Providing employees and customers with wow moments has been a key to the company's success for 50 years. But Rand Cowell doesn't use the word "employees" -- he prefers "internal customers."
"When we talk about a 'wow experience,' it's not only wowing the external customer, but how do we wow the internal customer?" he says.
"There are external customers, but equally important, there are internal customers, so to get that family feeling going we want to make sure there's as much focus on us respecting each other and treating each other as though we're customers internally as well."
That family feeling started in 1967 when Rand and Ryan's father, Gary Cowell opened a Volkswagen dealership. Now the Cowell Auto Group also sells Audis, Jaguars and Land Rovers and has 270 employees.
The Cowells have always been innovators. They developed a mission statement and a set of shared values long before it became corporately popular.
"We didn't plaster them all over the walls or put it up on the websites," says Rand Cowell. "They were on a laminated card and everybody had them in their shirt or vest pocket close to their heart to make sure they were living by them. That's something we're very proud of."
Cowell says the company uses Vertical Mindset Training to get employees to think beyond just selling or fixing vehicles.
"It's about how you live a more fulfilled and purposeful life," he says. "When people feel comfortable enough in sharing and living a more fulfilled life, they grow stronger bonds and that definitely translates into a stronger team and better focus on taking care of the customer."
Every work group has a daily "huddle," to discuss good news (wow experiences), "pain points" (barriers to wow experiences) and their goals. Maitland, a team leader, says it's integral to his day.
"It brings forward a lot of information that needs to be shared," he says. "Communications is huge and that's our stage to get that information out to everybody."
Also huge for Maitland and his fellow employees are training initiatives that include apprenticeships, paid internships and tuition subsidies of up to $4,000 annually. There are also generous extended health benefits and matching RSP contributions.

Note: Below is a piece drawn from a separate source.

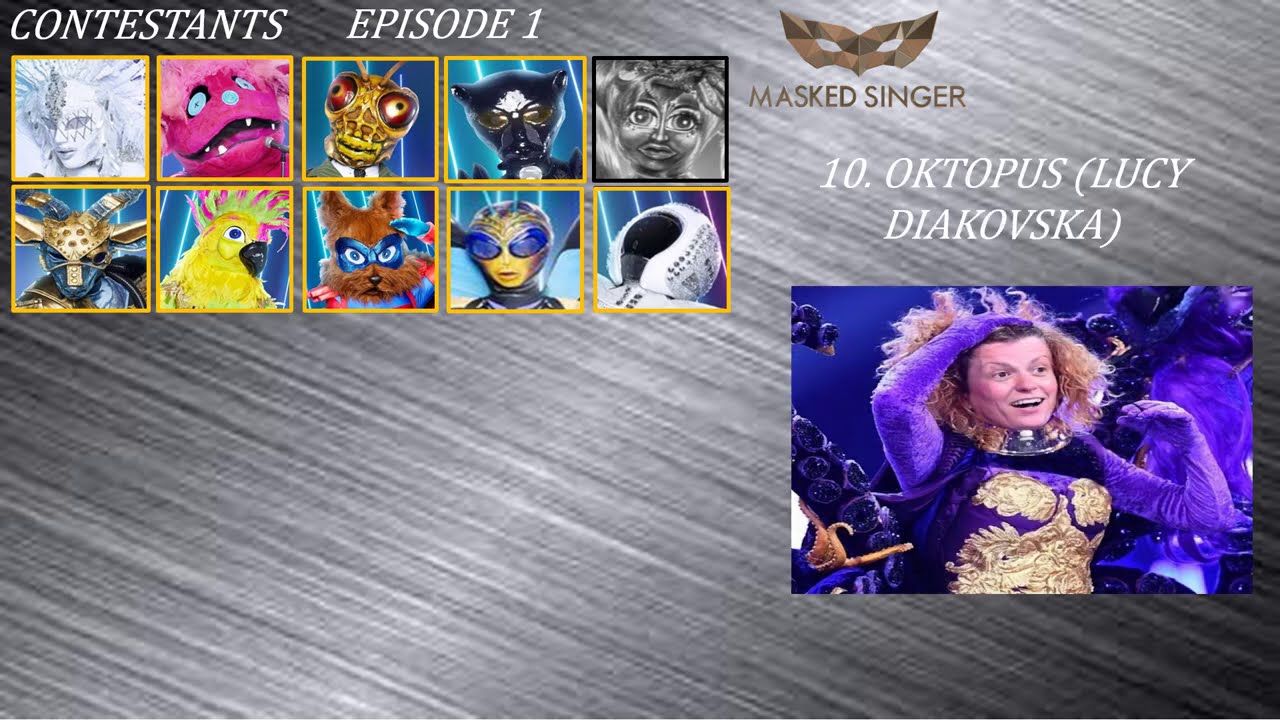 ELIMINATION ORDER THE MASKED SINGER GERMANY SEASON 1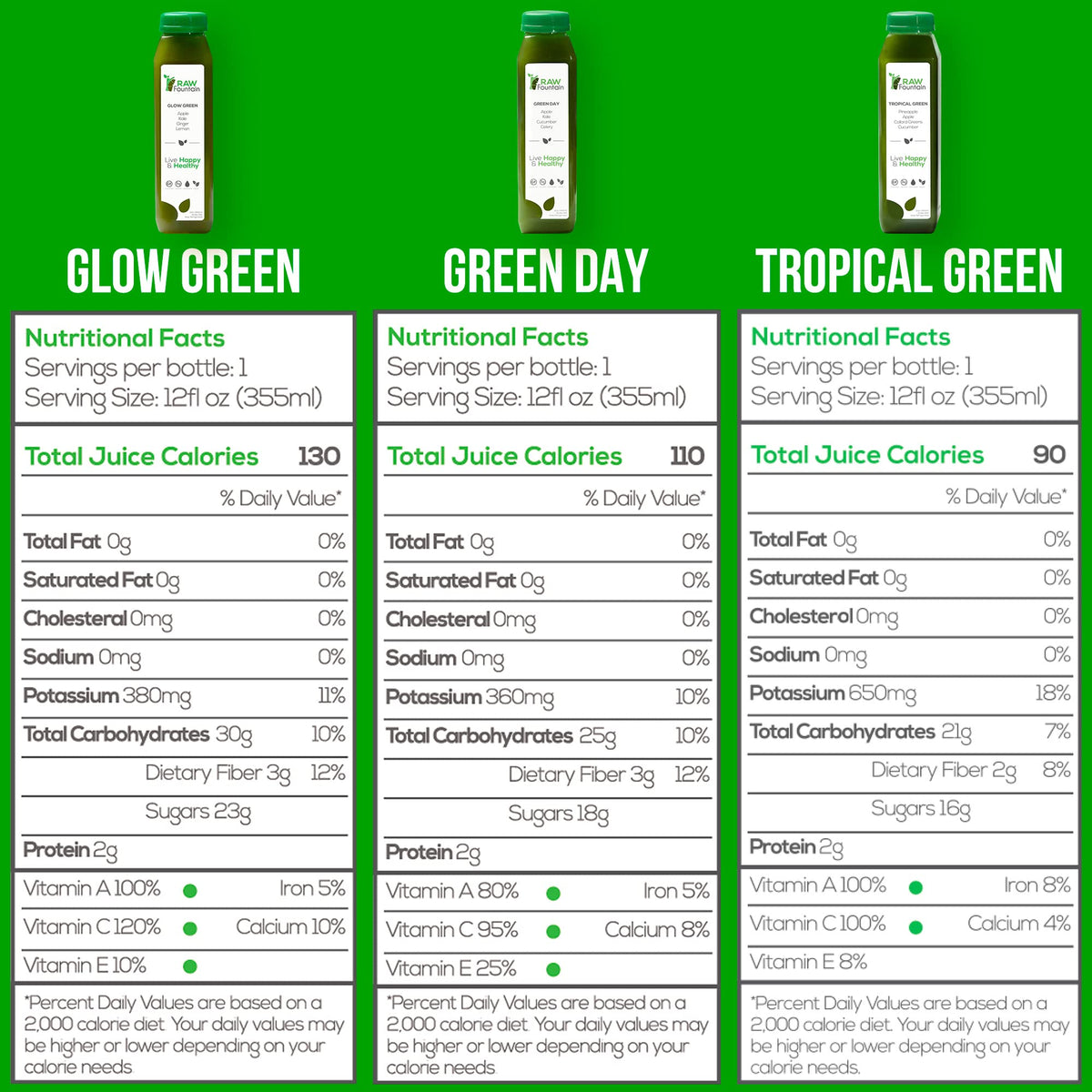 Raw Fountain 5 Day Green Juice Cleanse, All Natural Raw, Vegan Detox, Cold Pressed - Maple Wellness Supplements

Cowell says another key to success is the company's on-going connection with the community. In addition to supporting the Alzheimer's Society, Richmond Hospital Foundation and other charities, the company pays employees to volunteer in the community.
While they're celebrating a half century of wow experiences, Cowell says the company isn't going to rest on its laurels. They're going to continue to improve and innovate so they can keep wowing folks in the future.
"The retail automobile industry is a very old and established industry that's ready for change," he says. "To be successful in the future, we have to be constantly looking at how we do things better, how we do things differently and part of that is collaboration to be able to innovate around the customer experience."